"""

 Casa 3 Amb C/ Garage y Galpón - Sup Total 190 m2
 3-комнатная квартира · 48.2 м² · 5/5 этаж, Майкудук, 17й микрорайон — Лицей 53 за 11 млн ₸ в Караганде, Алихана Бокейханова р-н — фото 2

"""
"""

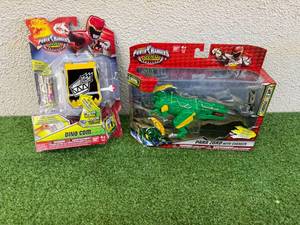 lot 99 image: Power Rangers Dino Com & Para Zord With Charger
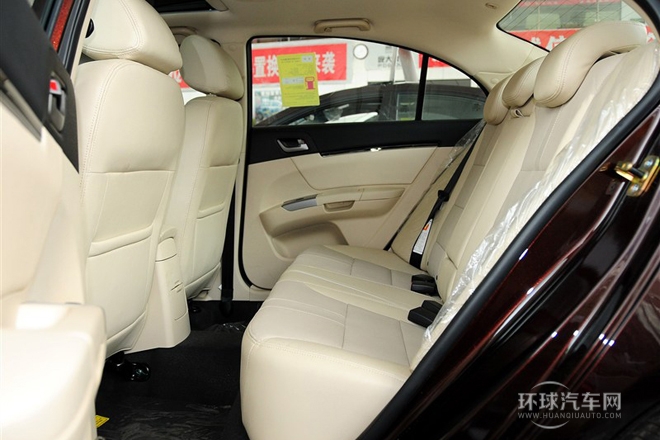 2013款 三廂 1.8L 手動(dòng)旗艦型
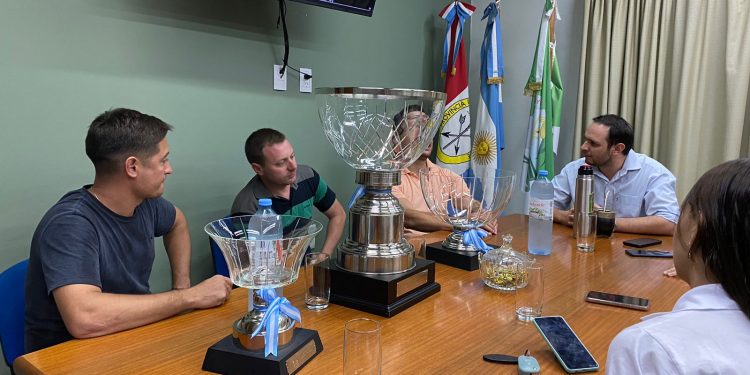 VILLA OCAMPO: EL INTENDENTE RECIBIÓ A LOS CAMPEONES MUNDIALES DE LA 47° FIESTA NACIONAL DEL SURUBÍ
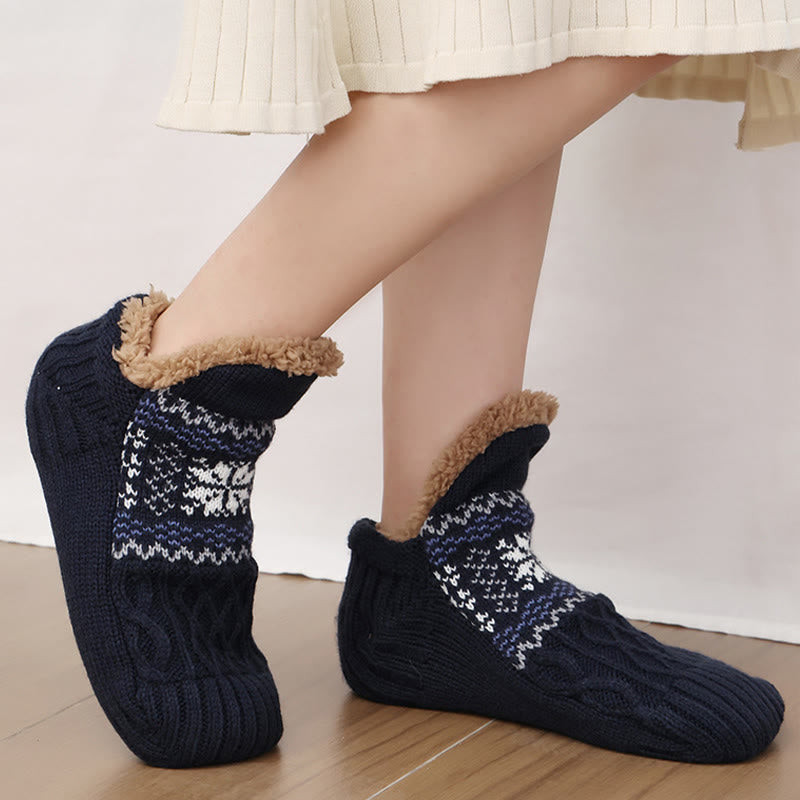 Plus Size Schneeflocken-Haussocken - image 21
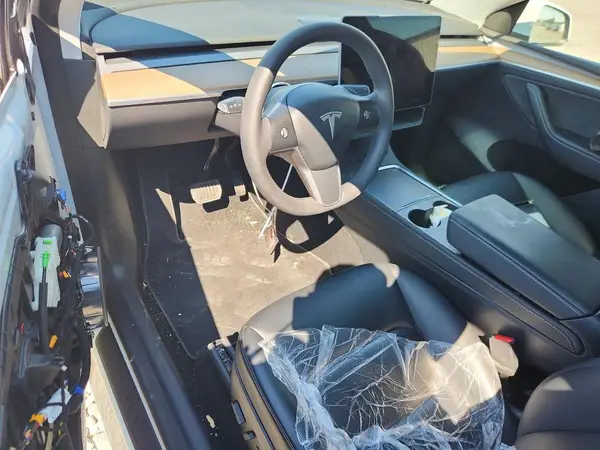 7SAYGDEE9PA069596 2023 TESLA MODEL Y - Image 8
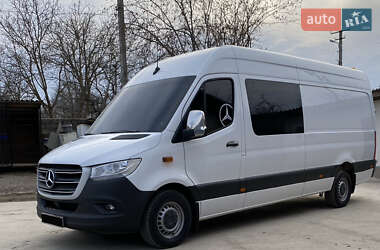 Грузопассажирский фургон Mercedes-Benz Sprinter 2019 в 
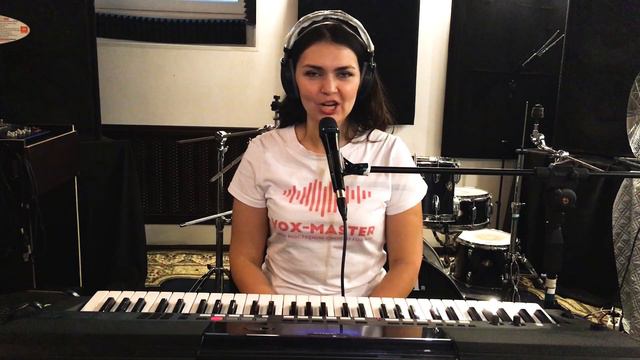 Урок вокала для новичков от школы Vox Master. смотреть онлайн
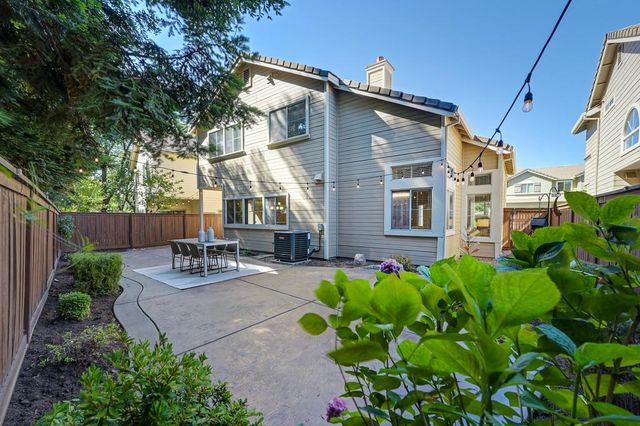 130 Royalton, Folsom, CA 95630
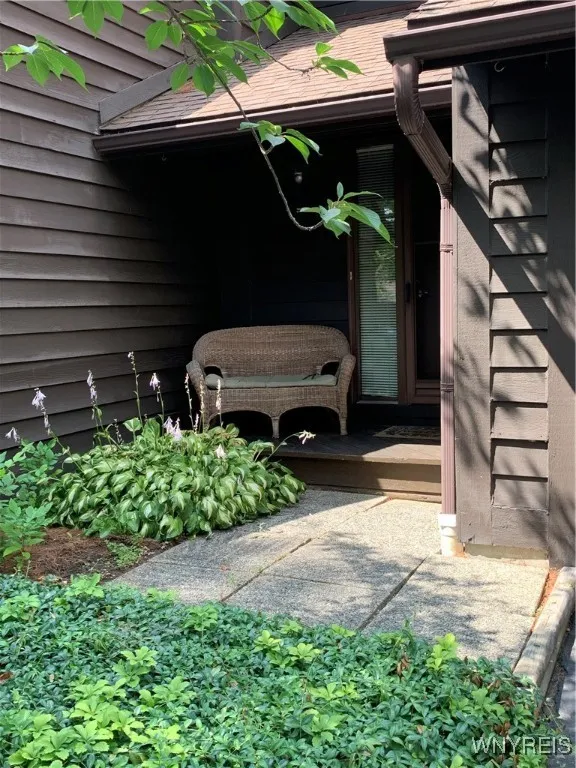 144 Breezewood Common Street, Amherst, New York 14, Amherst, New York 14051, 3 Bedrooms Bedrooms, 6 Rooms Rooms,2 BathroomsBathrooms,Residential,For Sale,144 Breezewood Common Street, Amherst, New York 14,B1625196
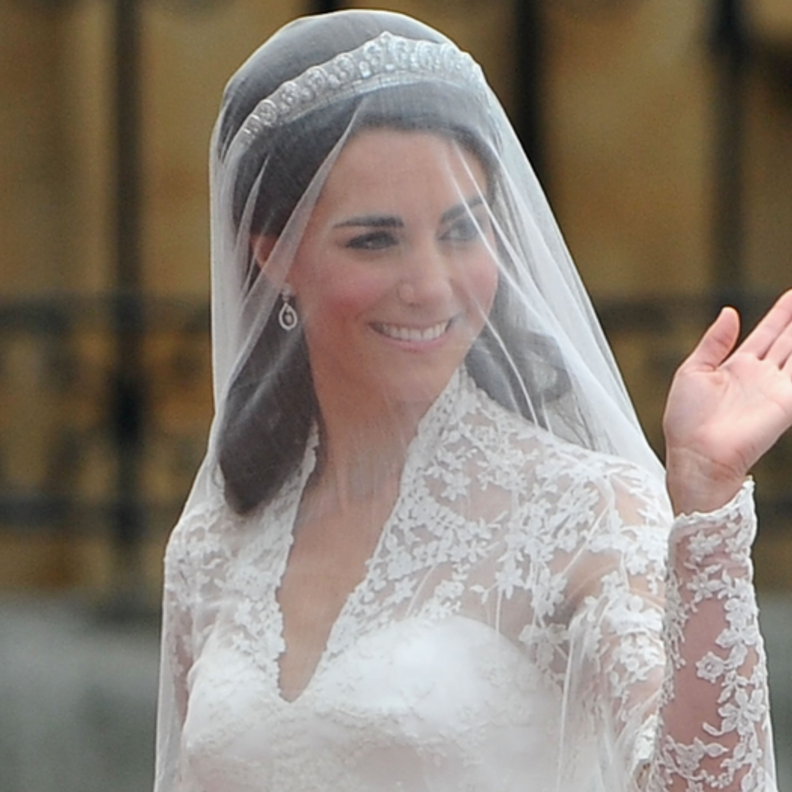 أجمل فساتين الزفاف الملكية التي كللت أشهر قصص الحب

"""

Using the data above, which lines fall from the one with "Урок вокала для" through the one with "أجمل فساتين الزفاف"? Repeat them exactly, ends included, minus any pictures.

 Урок вокала для новичков от школы Vox Master. смотреть онлайн
 130 Royalton, Folsom, CA 95630
 144 Breezewood Common Street, Amherst, New York 14, Amherst, New York 14051, 3 Bedrooms Bedrooms, 6 Rooms Rooms,2 BathroomsBathrooms,Residential,For Sale,144 Breezewood Common Street, Amherst, New York 14,B1625196
 أجمل فساتين الزفاف الملكية التي كللت أشهر قصص الحب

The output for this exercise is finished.